1851 first ever official World Championship.

PDubya

Linaires, 1999.

nebunulpecal
Veritas08 wrote:

Candidates 2013

+1

fabelhaft

Las Palmas 1996.

MSC157

Depends on what "greatest" means.

Thrilling: Candidates '13
Best: Hmm... 

fabelhaft
chesshoudini wrote:
fabelhaft wrote:

Las Palmas 1996.

Considered to be the strongest... only included #1-5 and #7

It was played in December and it was first on the January list the participants were top 6, but it isn't just about being top six at the moment of the tournament. A few years ago Mamedyarov, Morozevich and Svidler were top 6 on the same list, but Las Palmas 1996 had this field:

Kasparov, maybe the greatest player ever in the middle of his reign

Karpov, maybe top three among the greatest ever, the same year he won a FIDE title match against Kamsky (and only two years after Linares 1994)

Anand, a future World Champion the year after qualifying for his first title match

Kramnik, another future World Champion that shared first on the rating list in 1996

Topalov, who won five tournaments in 1996 and scored great results

Ivanchuk, one of the greatest players ever not to win the title

waffllemaster
JMB2010 wrote:

I'd say Nottingham 1936 was the best, but there were so many! What do you think?

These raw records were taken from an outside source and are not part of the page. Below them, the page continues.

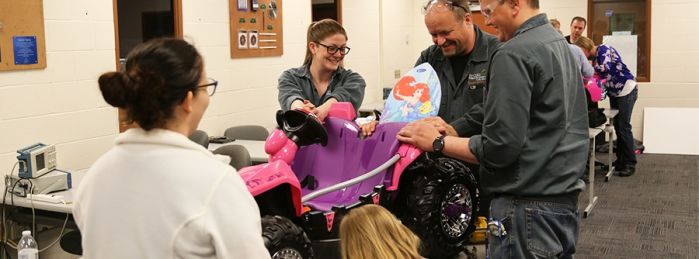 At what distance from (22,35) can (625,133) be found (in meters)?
6.21

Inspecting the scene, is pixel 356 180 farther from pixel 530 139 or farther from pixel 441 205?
pixel 530 139

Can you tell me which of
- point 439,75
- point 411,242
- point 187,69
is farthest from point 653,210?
point 187,69

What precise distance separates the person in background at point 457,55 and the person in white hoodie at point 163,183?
1.96m

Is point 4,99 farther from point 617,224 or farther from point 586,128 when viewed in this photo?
point 617,224

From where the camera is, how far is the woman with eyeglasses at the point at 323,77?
11.9 ft

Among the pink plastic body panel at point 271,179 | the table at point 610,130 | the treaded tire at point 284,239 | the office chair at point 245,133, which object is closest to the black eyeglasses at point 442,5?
the pink plastic body panel at point 271,179

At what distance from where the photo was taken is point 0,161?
416 cm

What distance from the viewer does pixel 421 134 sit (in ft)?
8.86

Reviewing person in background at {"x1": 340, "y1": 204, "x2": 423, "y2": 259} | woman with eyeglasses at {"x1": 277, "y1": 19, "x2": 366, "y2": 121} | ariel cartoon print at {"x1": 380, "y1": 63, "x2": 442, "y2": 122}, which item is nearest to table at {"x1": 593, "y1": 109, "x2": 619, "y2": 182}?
woman with eyeglasses at {"x1": 277, "y1": 19, "x2": 366, "y2": 121}

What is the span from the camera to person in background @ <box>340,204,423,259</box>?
193cm

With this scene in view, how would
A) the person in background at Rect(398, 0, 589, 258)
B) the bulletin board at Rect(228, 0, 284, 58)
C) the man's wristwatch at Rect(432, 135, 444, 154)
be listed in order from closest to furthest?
1. the person in background at Rect(398, 0, 589, 258)
2. the man's wristwatch at Rect(432, 135, 444, 154)
3. the bulletin board at Rect(228, 0, 284, 58)

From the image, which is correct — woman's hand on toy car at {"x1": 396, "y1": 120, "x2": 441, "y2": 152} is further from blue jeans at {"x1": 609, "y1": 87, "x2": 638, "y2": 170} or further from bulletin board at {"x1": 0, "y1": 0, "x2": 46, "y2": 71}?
blue jeans at {"x1": 609, "y1": 87, "x2": 638, "y2": 170}

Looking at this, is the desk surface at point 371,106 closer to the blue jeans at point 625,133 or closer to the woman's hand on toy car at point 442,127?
the blue jeans at point 625,133

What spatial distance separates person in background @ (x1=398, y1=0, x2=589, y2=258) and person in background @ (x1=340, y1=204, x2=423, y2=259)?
0.42 meters
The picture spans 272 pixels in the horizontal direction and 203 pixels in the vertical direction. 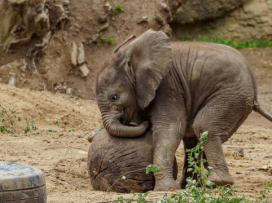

I don't know many old tournaments so let me know what made you like this one even if it "should" be obvious to me Sealed

CapAnson

The problem with a lot of super gm newer tournaments is they're almost book knowledge tournments.. one players preparation against another..  and the games are palyed at such a high level with computer aided training that your average player will learn a lot less than by studying older games.. it's why I really would rank any modern tournements among the best ever.

DelayedResponse

Tal Memorial 2013 was boring! Magnus Carlsen got second place and Viswanathan Anand tied for last! And the old man Boris Gelfand, who played Anand in the World Championship last year won.

fabelhaft

With events like Vienna 1882 and Nottingham 1936 the question is how much a bunch of "weak" players prevent a tournament from being the greatest. Nottingham had four British players (Winter, Thomas, Alexander and Tylor) that were nowhere near competitive at the top level. Thomas scored +0 -8 =6 and Winter +0 -9 =5, and the four of them lost in all 33 games. Some other players were well past their peak, for example Bogo scored +0 -8 =2 against the top ten, and Lasker was 68 years old. Also Tartakower and Vidmar were a couple of decades past their best days.

Still, the field was of course incredibly strong, with all the best players present, so it is certainly one of the greatest tournaments ever.

JMB2010
waffllemaster wrote:
JMB2010 wrote:

I'd say Nottingham 1936 was the best, but there were so many! What do you think?

I don't know many old tournaments so let me know what made you like this one even if it "should" be obvious to me

Well, it is one of only 3 tournaments in history to include 5 past, present, or future world champions. (Lasker, Capablanca, Alekhine, Euwe, Botvinnik) The other 2 were Soviet Championships I believe. The tournament was really a meeting of the generations that was unique, with the "old men" (Lasker, Capablanca, Alekhine, and Euwe) and the young stars (Botvinnik, Fine,Reshevsky,Flohr) This was the first time many of the participants even played each other, and the first time Alekhine and Capablanca played since their 1927 World Championship match. This was Lasker's last great performance, Botvinnik's first foreign success, and an incredible triumph for Capablanca when everyone thought his career was over. The results (given from memory, so I might be wrong, and I'm too lazy to look it up right now) were that Botvinnik and Capablanca tied for first with 10, Fine, Reshevsky, and Euwe were half a point behind with 9.5, and Alekhine with 9. Flohr and Lasker were next with 8.5.

Alec847
JMB2010 wrote:

I'd say Nottingham 1936 was the best, but there were so many! What do you think?

It's hard to choose but I'd say Hastings 1895

http://en.wikipedia.org/wiki/File:Contestants_at_the_Hastings_1895_International_Chess_Tournament.jpg

Cambridge Springs 1904 next!

The_Riga_Magican
JMB2010 wrote:

I'd say Nottingham 1936 was the best, but there were so many! What do you think?

I agreee. Nottingham 1936 was a good chess tournament. A lot of people were close to each other.